Does malloc(sizeof(x)) initialise the allocated memory with x?

Question

Does tmp = malloc(sizeof(x)); the same automatically as tmp = malloc(sizeof(x)); *tmp = x;?

More specifically, is malloc instantly initialising my variable or is it just allocating memory and I have to initialise it myself?

Answer 1

The operator sizeof yields the size in bytes of its operand.

That is for example if the identifier x denotes a name of a variable of the type int then the expression sizeof( x ) yields the value 4 provided that for objects of the type int the compiler reserves 4 bytes.

So this call

tmp = malloc(sizeof(x));

will be equivalent to the call

tmp = malloc(sizeof(int));

that in turn is equivalent to

tmp = malloc( 4 );

This statement just tries to allocate dynamically 4 bytes. The allocated memory is uninitialized.

Moreover the expression sizeof( x ) if x is not a variable length array is evaluated at compile time before the program begins its execution.

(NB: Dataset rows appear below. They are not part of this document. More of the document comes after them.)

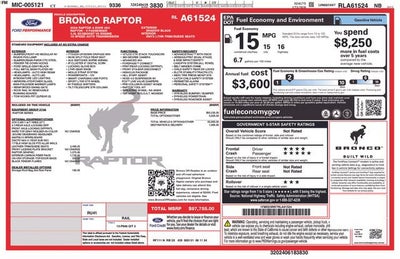 2024 Ford Bronco Raptor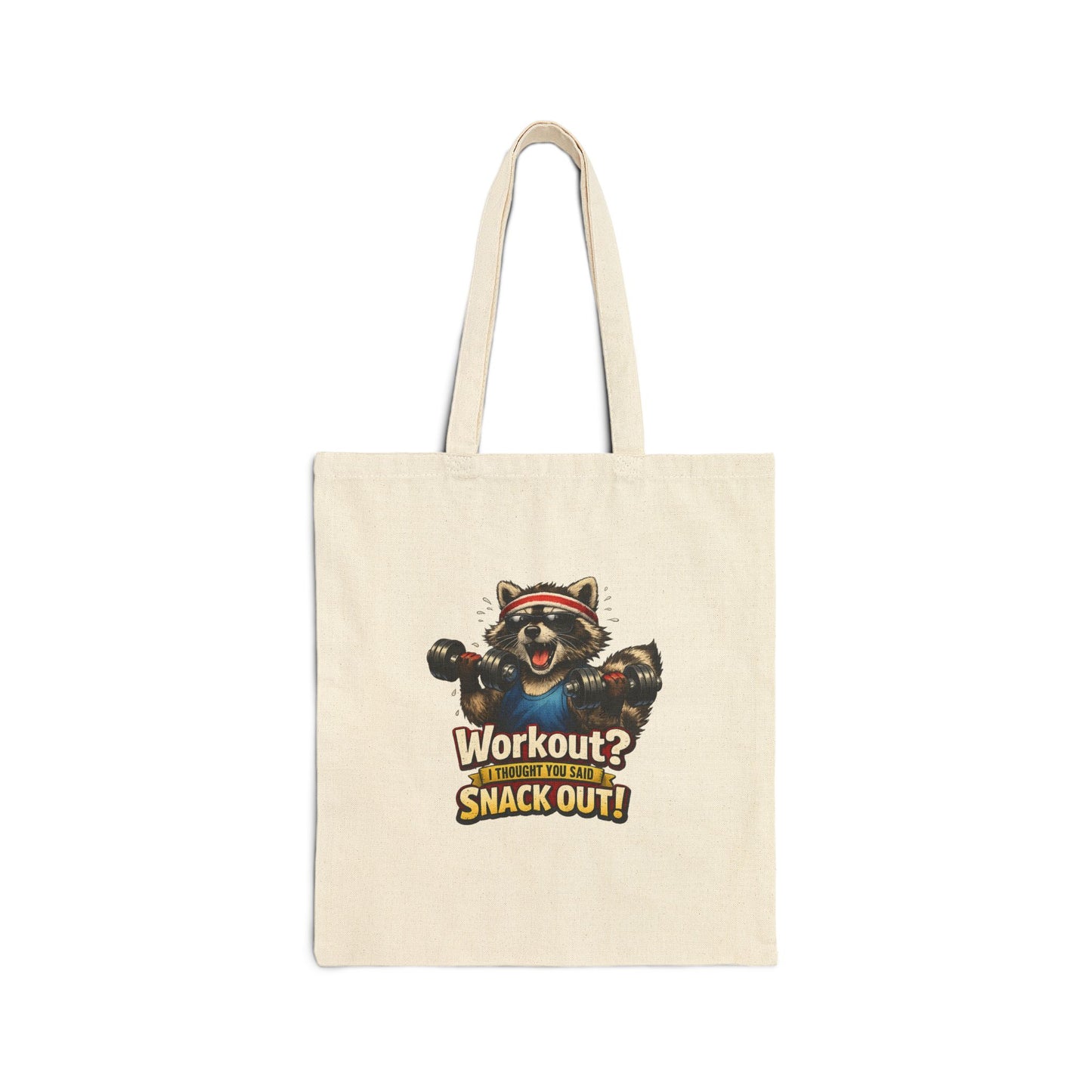 Snack Out Canvas Tote Bag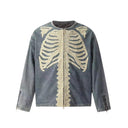 Bones Embroidered Denim Jacket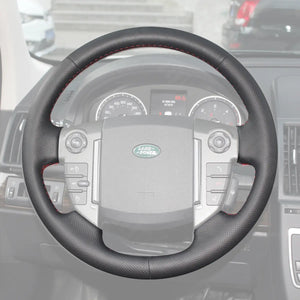 Griffowl Steering Wheel Cover for Personalized SUV Land Rover Range Rover Sport Freelander 2 Discovery LR4 LR2 2009-2017. Compact, hand-sewn DIY wrap for quick interior mods and grip upgrade.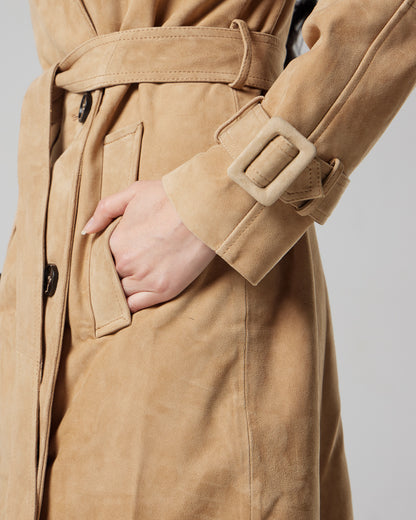 Margot suede trench coat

You could initialize it with zeroes the following way

tmp = calloc( 1, sizeof( x ) );

Answer 2

No, the function malloc() simply allocates memory on the heap. It doesn't initialize the pointer.

Answer 3

No. Even if malloc weren't defined to be uninitialized storage, sizeof(x) has nothing to do with the runtime value of x (it's just a friendly way to find the size of a variable's underlying type). There's no runtime use of the value of x at all in the code you provided.

Answer 4

No.

The memory returned by malloc isn't initialized.

Quoting cppreference,

Allocates size bytes of uninitialized storage.